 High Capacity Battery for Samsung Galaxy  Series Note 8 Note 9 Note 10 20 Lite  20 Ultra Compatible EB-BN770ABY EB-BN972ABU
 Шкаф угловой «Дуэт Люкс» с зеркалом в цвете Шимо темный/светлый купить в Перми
* * * *
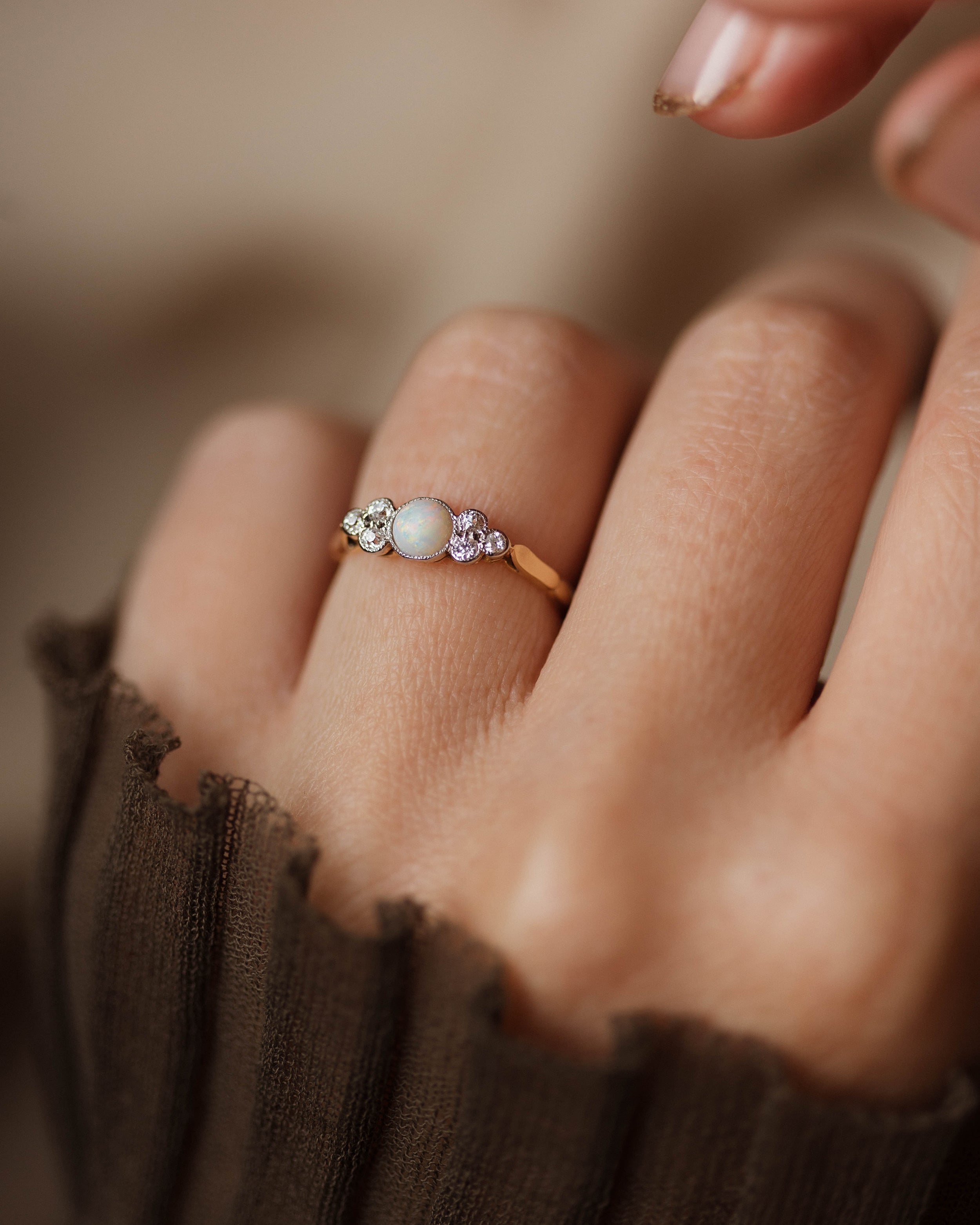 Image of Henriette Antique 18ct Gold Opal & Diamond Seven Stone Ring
* * * *
▶ [Problem to solve]:
Please transcribe only the lines in the records above running from the line that has "High Capacity Battery" through the line that has "купить в Перми", both included, exactly as they appear.

▶ [Reply to the task]:
 High Capacity Battery for Samsung Galaxy  Series Note 8 Note 9 Note 10 20 Lite  20 Ultra Compatible EB-BN770ABY EB-BN972ABU
 Шкаф угловой «Дуэт Люкс» с зеркалом в цвете Шимо темный/светлый купить в Перми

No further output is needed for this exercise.